Beautiful, honest and not to watch if you're depressed.
This film carries the same spirit and almost the same story as "Nobody Knows" (Daremo Shiranai) by Hirokazu Kore-Eda. It is truthfully told without resorting to feel-good plot twists, and earns its laughs and tears honestly. If anything, it continually points the viewer to the underlying rottenness of anything or anybody superficially attractive. Children's laughter is stained either with cruelty, substance abuse or deep sorrow. The adults are either mean and domineering, self-absorbed, or kind but powerless to help. There's only an ineffectual hint of adult protectiveness of a throw-away child, and even the police respond with annoyance rather than genuine concern for the welfare of the 11-year-old boy who is at the center of this story.

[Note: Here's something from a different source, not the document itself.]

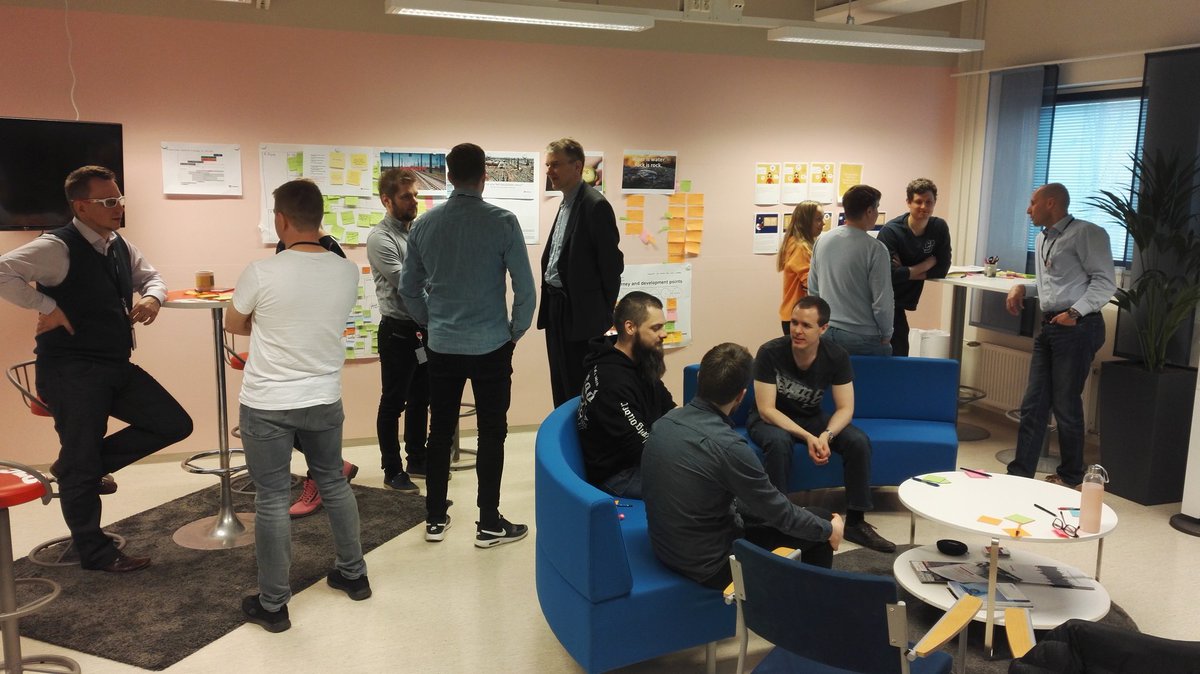 Uusiprosi's tweet image. Culture workshop @fastems #fastemspeople #fastemsians
Backbone. Sharing=Caring. Water is water. Rock is rock.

Unlike other reviewers, I don't think this movie is too pretty. It's mostly dark and grimy. Even scenes at the water's edge and in the woods are dotted with refuse, which the kid harvests for useful items and things he can sell. I got the sense that any residual beauty that this child perceives is what keeps him from committing suicide or joining the other lost boys getting high on inhalants. His ambition is to be a poet. I took the visuals to be his poet's-eye view of his hard-scrabble life.
He's Pinocchio made flesh with no Geppetto or Jiminy Cricket in sight. As with the kids in "Nobody Knows," his ultimate fate remains un-foretold. Both movies left me in tears. I was surprised to see this aired on MHz Worldview's excellent film series, "For the Family." I wouldn't let children watch this without a trusted adult also watching. In that sense, it is a family movie, not boob-tube babysitting fare.